* [Records provided]:
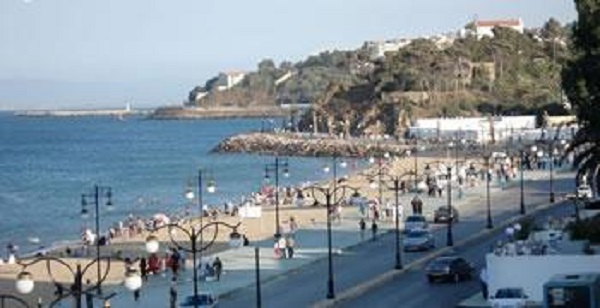 La saison estivale se prépare à Annaba : Cette facette timide du tourisme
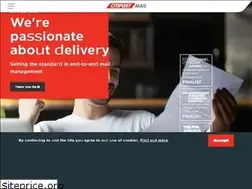 Sites similar to citipostmail.co.uk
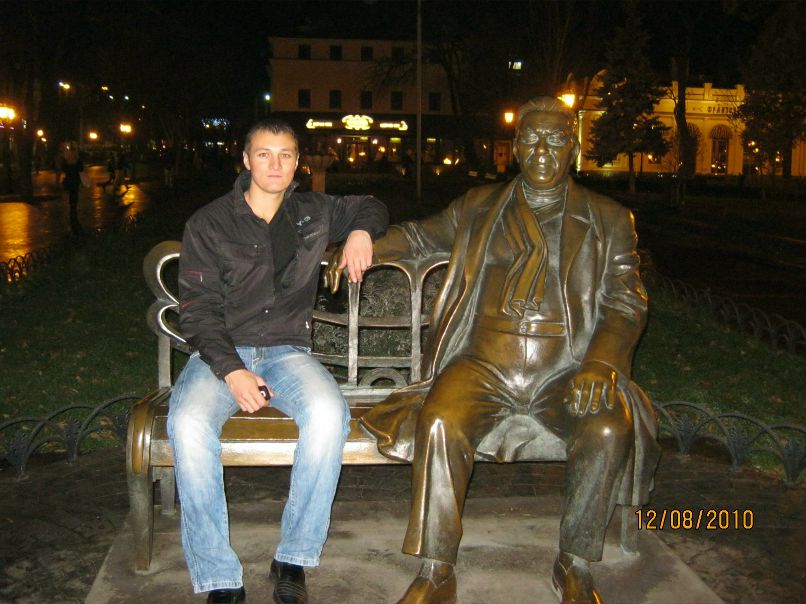 Эльдар Решитов фотография #25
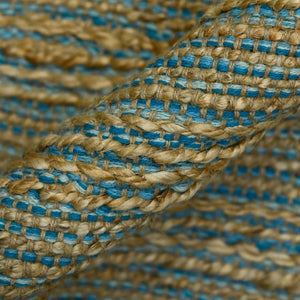 Naturals NAT-1 Blue Rug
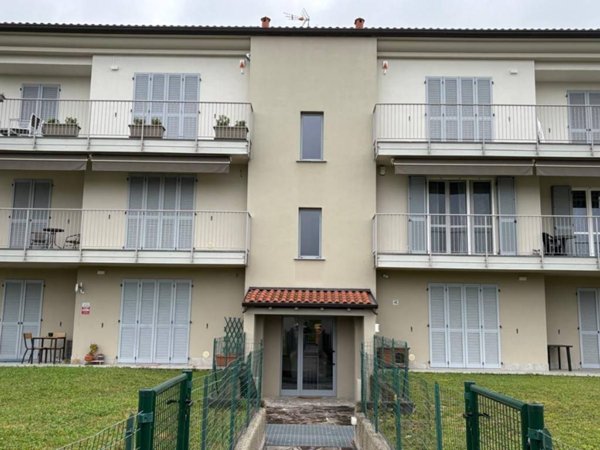 appartamento in affitto a Voghera in zona Campoferro
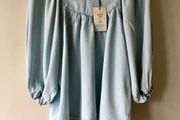 Womens denim top BNWT, (10)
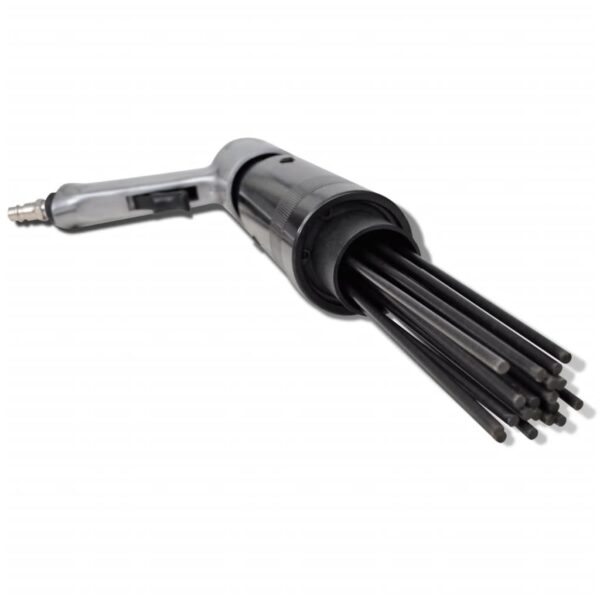 vidaXL Air Pneumatic Needle Scaler - Image 3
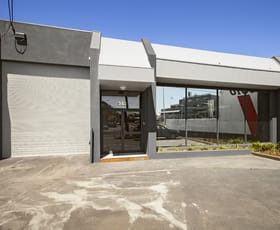 Showrooms / Bulky Goods commercial property leased at 362 Heidelberg Road Fairfield VIC 3078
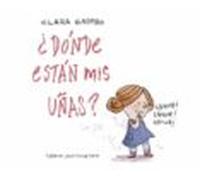 ¿dónde Están Mis Uñas?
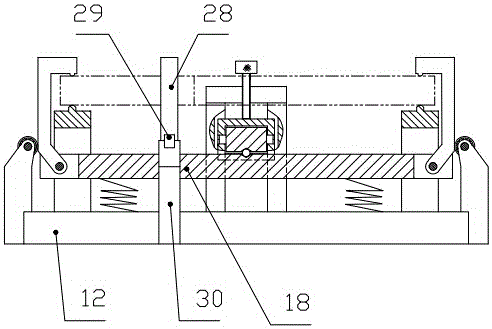 A quick clamp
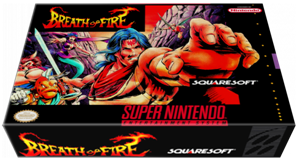 Breath of Fire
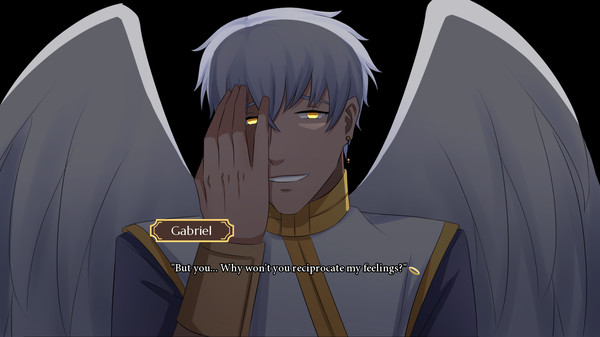 Screenshot z Our Fate Forsaken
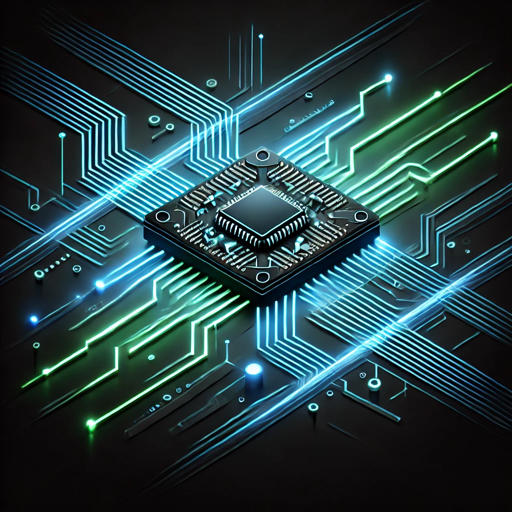 Microcontroller Maestro logo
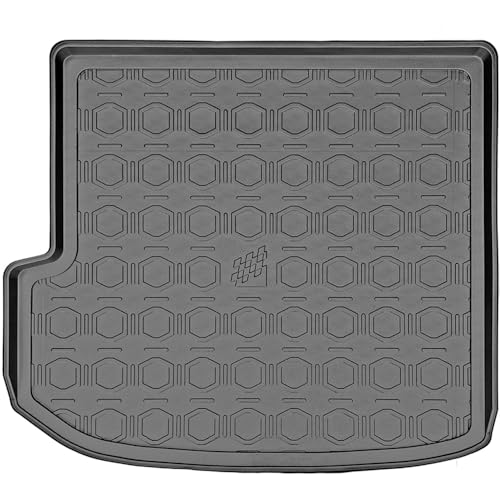Bac de coffre Omoda 9 PHEV 2025 AUTO-STYLE protection coffre voiture imperméable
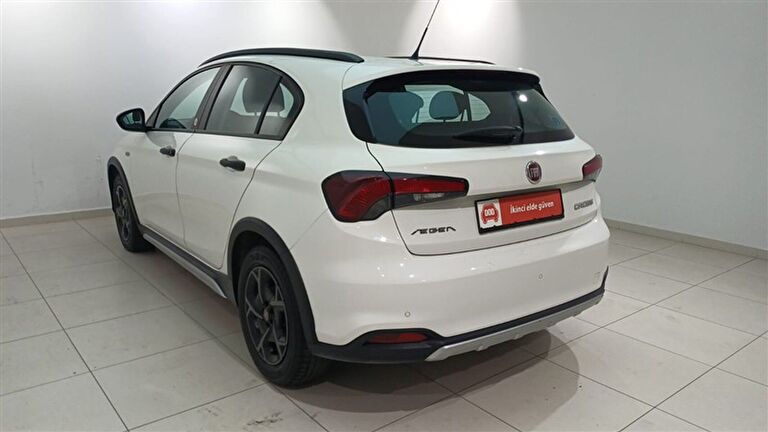 FIAT EGEA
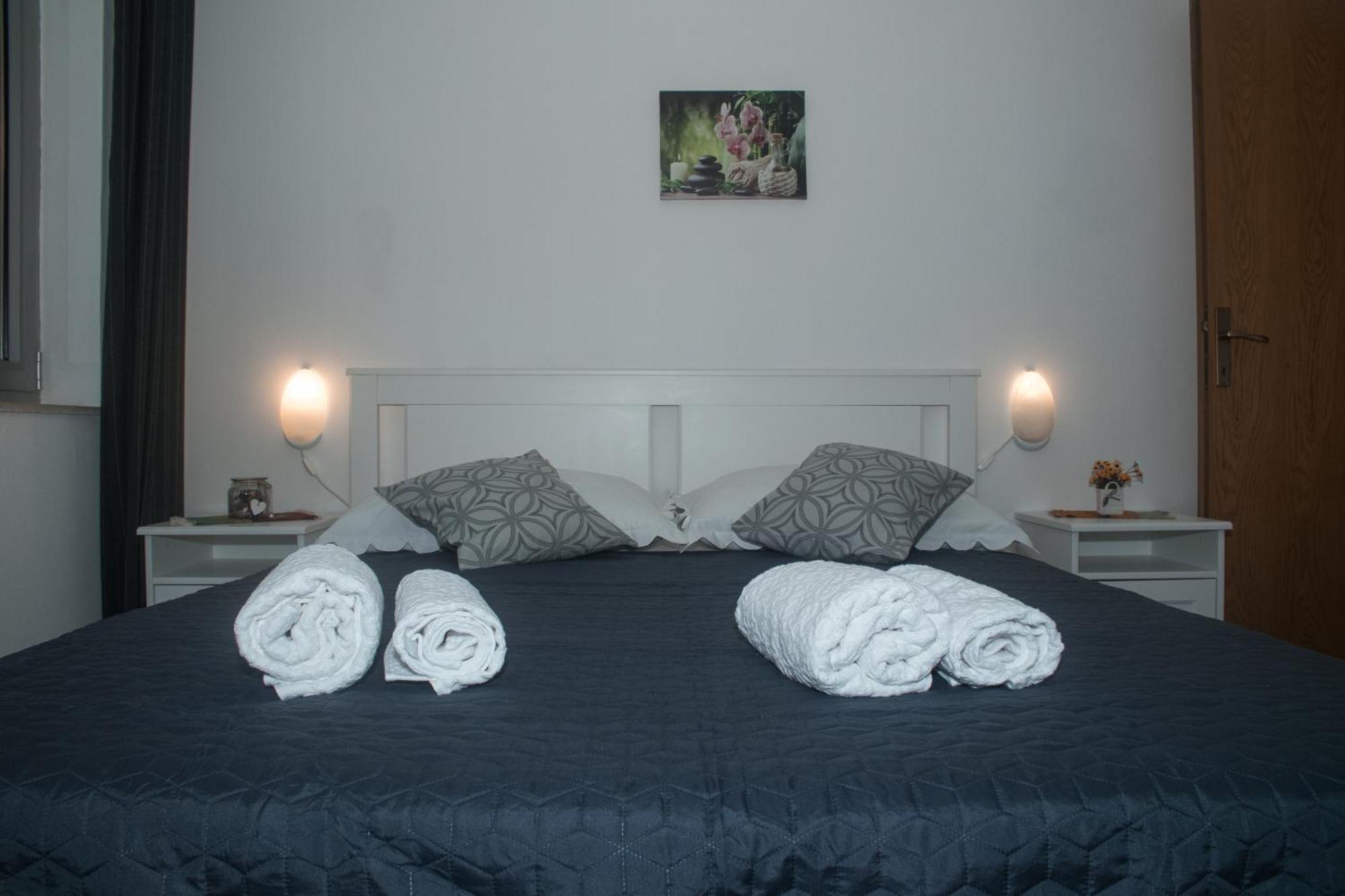 House Kovacevic Apartament Makarska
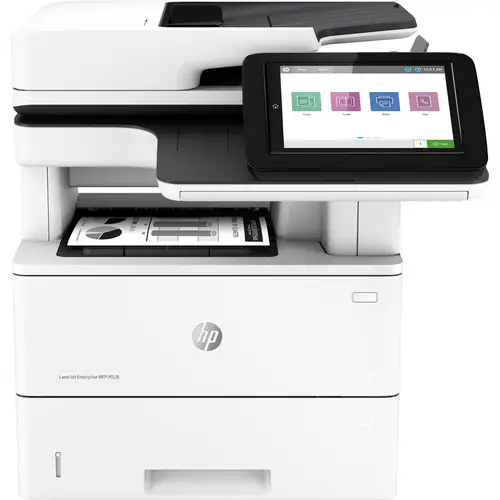 МФУ HP LaserJet Enterprise M528f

* [What needs to be done]: Go through the listing above and write it out again exactly, dropping the pictures.

* [Response to this exercise]:
 La saison estivale se prépare à Annaba : Cette facette timide du tourisme
 Sites similar to citipostmail.co.uk
 Эльдар Решитов фотография #25
 Naturals NAT-1 Blue Rug
 appartamento in affitto a Voghera in zona Campoferro
 Womens denim top BNWT, (10)
 vidaXL Air Pneumatic Needle Scaler - Image 3
 Showrooms / Bulky Goods commercial property leased at 362 Heidelberg Road Fairfield VIC 3078
 ¿dónde Están Mis Uñas?
 A quick clamp
 Breath of Fire
 Screenshot z Our Fate Forsaken
 Microcontroller Maestro logo
Bac de coffre Omoda 9 PHEV 2025 AUTO-STYLE protection coffre voiture imperméable
 FIAT EGEA
 House Kovacevic Apartament Makarska
 МФУ HP LaserJet Enterprise M528f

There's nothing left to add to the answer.